Below are entries; output exactly the lines from the one with "Camden Fairview @ Malvern JV_JWM_0050" to the one with "Hengst, Quarter Horse — Foto 8", both included, and nothing else.
[Provided records — start]
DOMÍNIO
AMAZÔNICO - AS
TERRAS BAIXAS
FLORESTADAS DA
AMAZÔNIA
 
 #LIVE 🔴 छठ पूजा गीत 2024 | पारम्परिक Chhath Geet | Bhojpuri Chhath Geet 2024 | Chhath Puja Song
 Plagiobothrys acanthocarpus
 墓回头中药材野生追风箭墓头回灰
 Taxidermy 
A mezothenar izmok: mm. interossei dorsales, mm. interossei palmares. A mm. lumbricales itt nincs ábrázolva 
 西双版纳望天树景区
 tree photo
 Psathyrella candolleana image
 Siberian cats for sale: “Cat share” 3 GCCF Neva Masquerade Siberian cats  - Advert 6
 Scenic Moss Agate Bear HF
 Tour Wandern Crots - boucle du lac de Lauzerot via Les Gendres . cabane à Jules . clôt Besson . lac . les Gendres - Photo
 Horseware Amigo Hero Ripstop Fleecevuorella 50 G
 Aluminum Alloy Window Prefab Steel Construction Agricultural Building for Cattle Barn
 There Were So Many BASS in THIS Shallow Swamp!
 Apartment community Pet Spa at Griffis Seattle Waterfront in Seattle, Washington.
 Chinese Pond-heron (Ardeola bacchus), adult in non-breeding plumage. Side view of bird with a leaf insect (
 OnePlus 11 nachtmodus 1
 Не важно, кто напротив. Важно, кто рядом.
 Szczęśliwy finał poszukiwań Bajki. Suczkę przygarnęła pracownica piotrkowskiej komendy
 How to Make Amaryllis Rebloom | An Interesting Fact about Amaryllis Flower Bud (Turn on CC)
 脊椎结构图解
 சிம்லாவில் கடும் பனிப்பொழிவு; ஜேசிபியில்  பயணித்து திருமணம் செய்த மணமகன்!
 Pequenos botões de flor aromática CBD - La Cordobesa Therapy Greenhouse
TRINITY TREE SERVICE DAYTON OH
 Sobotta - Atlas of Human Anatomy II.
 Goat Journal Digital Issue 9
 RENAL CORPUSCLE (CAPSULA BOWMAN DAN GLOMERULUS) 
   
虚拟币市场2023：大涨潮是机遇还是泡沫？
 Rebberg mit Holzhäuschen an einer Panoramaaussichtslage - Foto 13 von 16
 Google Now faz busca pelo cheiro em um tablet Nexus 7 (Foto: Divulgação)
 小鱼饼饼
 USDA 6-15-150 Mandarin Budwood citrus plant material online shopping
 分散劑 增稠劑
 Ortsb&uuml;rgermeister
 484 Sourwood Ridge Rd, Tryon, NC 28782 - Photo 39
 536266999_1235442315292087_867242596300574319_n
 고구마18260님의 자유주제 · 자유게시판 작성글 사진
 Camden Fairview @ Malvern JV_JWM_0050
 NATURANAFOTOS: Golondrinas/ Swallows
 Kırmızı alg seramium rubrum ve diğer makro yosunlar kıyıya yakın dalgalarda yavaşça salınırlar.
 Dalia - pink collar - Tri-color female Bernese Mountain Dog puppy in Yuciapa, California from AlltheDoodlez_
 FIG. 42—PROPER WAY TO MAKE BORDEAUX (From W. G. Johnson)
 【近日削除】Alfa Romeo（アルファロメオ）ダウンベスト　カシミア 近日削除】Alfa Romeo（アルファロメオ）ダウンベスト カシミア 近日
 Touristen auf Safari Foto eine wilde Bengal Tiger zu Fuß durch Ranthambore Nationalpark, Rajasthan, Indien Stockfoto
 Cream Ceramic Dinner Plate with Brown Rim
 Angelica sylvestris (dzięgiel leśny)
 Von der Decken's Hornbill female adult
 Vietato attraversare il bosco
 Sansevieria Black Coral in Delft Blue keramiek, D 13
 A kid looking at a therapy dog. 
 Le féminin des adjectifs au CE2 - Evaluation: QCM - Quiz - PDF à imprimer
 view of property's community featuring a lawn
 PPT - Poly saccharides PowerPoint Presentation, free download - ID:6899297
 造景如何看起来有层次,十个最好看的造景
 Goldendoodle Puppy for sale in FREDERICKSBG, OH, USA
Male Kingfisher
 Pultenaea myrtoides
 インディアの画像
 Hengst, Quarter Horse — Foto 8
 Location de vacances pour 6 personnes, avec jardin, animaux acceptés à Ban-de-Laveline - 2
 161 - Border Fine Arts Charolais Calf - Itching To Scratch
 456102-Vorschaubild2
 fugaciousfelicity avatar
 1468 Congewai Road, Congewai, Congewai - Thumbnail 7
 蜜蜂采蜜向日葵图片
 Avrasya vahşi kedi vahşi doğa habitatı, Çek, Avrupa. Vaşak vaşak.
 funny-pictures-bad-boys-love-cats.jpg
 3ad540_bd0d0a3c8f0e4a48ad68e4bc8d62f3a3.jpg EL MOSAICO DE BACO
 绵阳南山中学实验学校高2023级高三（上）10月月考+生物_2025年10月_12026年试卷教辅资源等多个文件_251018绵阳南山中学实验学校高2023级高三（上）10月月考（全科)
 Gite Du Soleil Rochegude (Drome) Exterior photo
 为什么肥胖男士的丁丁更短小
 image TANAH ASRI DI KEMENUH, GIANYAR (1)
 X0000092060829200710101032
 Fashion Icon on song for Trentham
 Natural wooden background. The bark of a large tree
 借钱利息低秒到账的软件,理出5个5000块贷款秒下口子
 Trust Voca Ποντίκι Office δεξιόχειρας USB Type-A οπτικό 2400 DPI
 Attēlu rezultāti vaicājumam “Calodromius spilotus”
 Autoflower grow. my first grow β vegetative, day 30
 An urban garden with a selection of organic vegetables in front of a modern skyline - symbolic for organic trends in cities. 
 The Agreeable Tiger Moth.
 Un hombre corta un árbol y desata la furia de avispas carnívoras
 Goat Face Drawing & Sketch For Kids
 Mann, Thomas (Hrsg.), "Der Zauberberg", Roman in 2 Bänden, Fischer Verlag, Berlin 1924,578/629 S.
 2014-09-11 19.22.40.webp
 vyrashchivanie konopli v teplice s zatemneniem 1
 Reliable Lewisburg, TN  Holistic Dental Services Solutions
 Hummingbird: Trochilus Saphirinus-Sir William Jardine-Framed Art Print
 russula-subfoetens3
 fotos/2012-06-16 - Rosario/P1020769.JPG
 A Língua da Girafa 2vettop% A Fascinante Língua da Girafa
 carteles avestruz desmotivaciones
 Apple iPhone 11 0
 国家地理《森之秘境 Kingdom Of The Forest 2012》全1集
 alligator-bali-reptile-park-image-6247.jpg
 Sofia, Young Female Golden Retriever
[Provided records — finish]
→ **Result below**:
 Camden Fairview @ Malvern JV_JWM_0050
 NATURANAFOTOS: Golondrinas/ Swallows
 Kırmızı alg seramium rubrum ve diğer makro yosunlar kıyıya yakın dalgalarda yavaşça salınırlar.
 Dalia - pink collar - Tri-color female Bernese Mountain Dog puppy in Yuciapa, California from AlltheDoodlez_
 FIG. 42—PROPER WAY TO MAKE BORDEAUX (From W. G. Johnson)
 【近日削除】Alfa Romeo（アルファロメオ）ダウンベスト　カシミア 近日削除】Alfa Romeo（アルファロメオ）ダウンベスト カシミア 近日
 Touristen auf Safari Foto eine wilde Bengal Tiger zu Fuß durch Ranthambore Nationalpark, Rajasthan, Indien Stockfoto
 Cream Ceramic Dinner Plate with Brown Rim
 Angelica sylvestris (dzięgiel leśny)
 Von der Decken's Hornbill female adult
 Vietato attraversare il bosco
 Sansevieria Black Coral in Delft Blue keramiek, D 13
 A kid looking at a therapy dog. 
 Le féminin des adjectifs au CE2 - Evaluation: QCM - Quiz - PDF à imprimer
 view of property's community featuring a lawn
 PPT - Poly saccharides PowerPoint Presentation, free download - ID:6899297
 造景如何看起来有层次,十个最好看的造景
 Goldendoodle Puppy for sale in FREDERICKSBG, OH, USA
Male Kingfisher
 Pultenaea myrtoides
 インディアの画像
 Hengst, Quarter Horse — Foto 8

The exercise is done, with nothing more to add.